Protein C Deficiency
(See also Overview of Thrombotic Disorders.)
Because activated protein C degrades coagulation factors Va and VIIIa, deficiency of protein C predisposes to venous thrombosis.
Protein C is a vitamin K–dependent protein, as are coagulation factors VII, IX, and X, prothrombin, and proteins S and Z. Because activated protein C (APC) degrades factors Va and VIIIa, APC is a natural plasma anticoagulant. Decreased protein C due to genetic or acquired causes promotes venous thrombosis.
Heterozygous deficiency of plasma protein C has a prevalence of 0.2 to 0.5%; about 75% of people with this defect experience a venous thromboembolism (50% by age 50).
Homozygous or doubly heterozygous deficiency causes neonatal purpura fulminans, ie, severe neonatal disseminated intravascular coagulation (DIC).
Acquired decreases occur in patients with liver disease or DIC, and during warfarin therapy.
Diagnosis is based on antigenic and functional plasma assays.
Patients with symptomatic thrombosis require anticoagulation with heparin or low molecular weight heparin, followed by warfarin.

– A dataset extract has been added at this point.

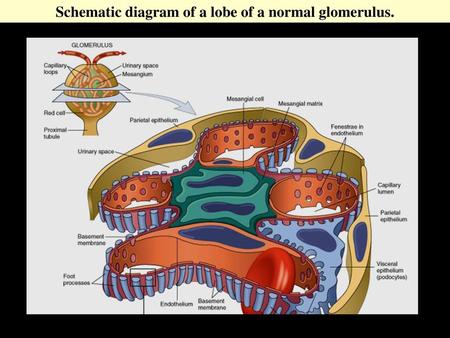 Schematic diagram of a lobe of a normal glomerulus.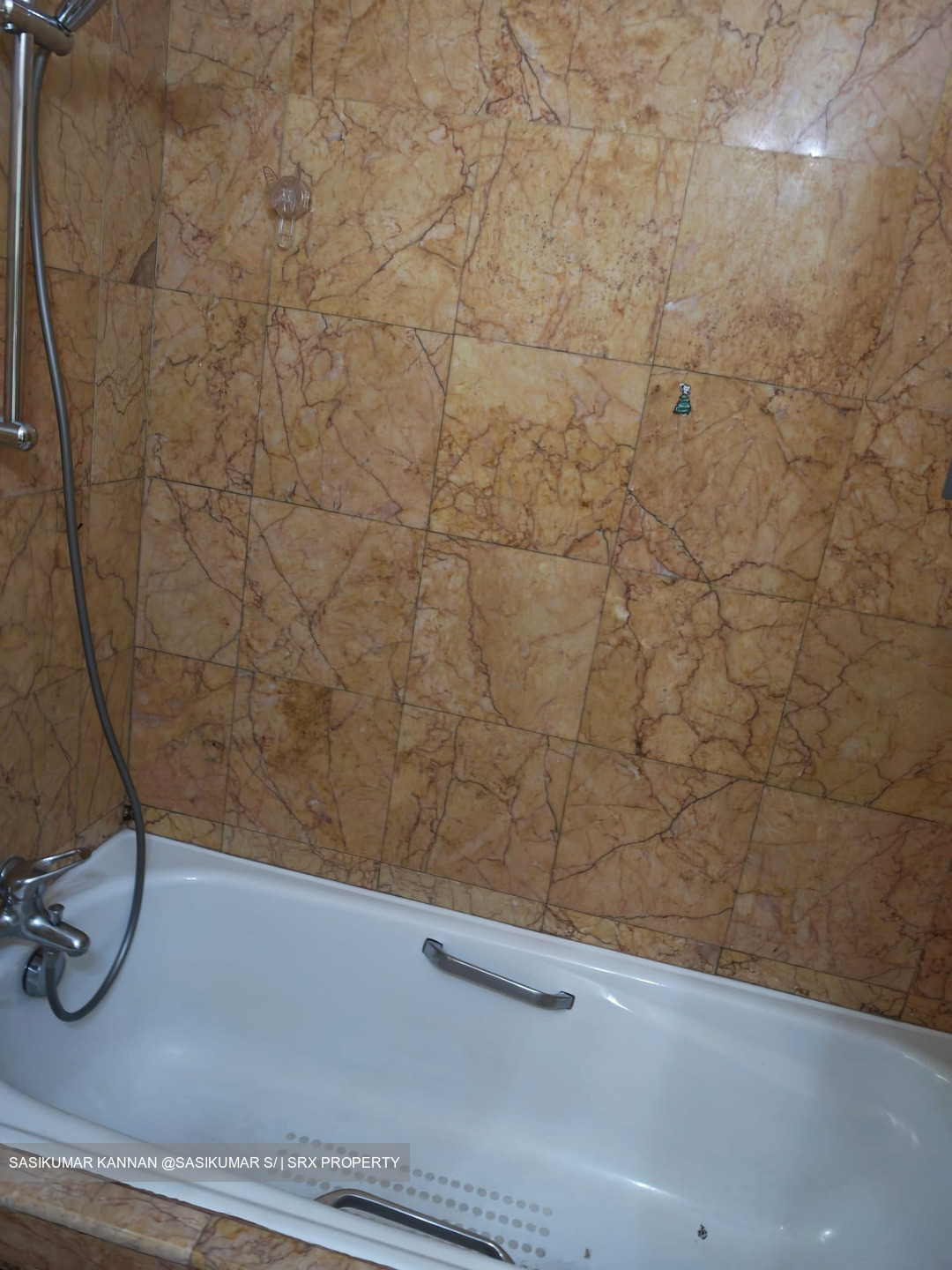 Nineteen Shelford Road (D11), Condominium #577769891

Use of the vitamin K antagonist, warfarin, as initial therapy occasionally causes thrombotic skin infarction by lowering vitamin K–dependent protein C levels before a therapeutic decrease has occurred in most vitamin K–dependent coagulation factors.
It is not known whether the newer oral anticoagulants that inhibit either thrombin (dabigatran) or factor Xa (eg, rivaroxaban, apixaban) can be used in place of other anticoagulants for this disorder.
Neonatal purpura fulminans is fatal without replacement of protein C (using normal plasma or purified concentrate) and anticoagulation with heparin or low molecular weight heparin.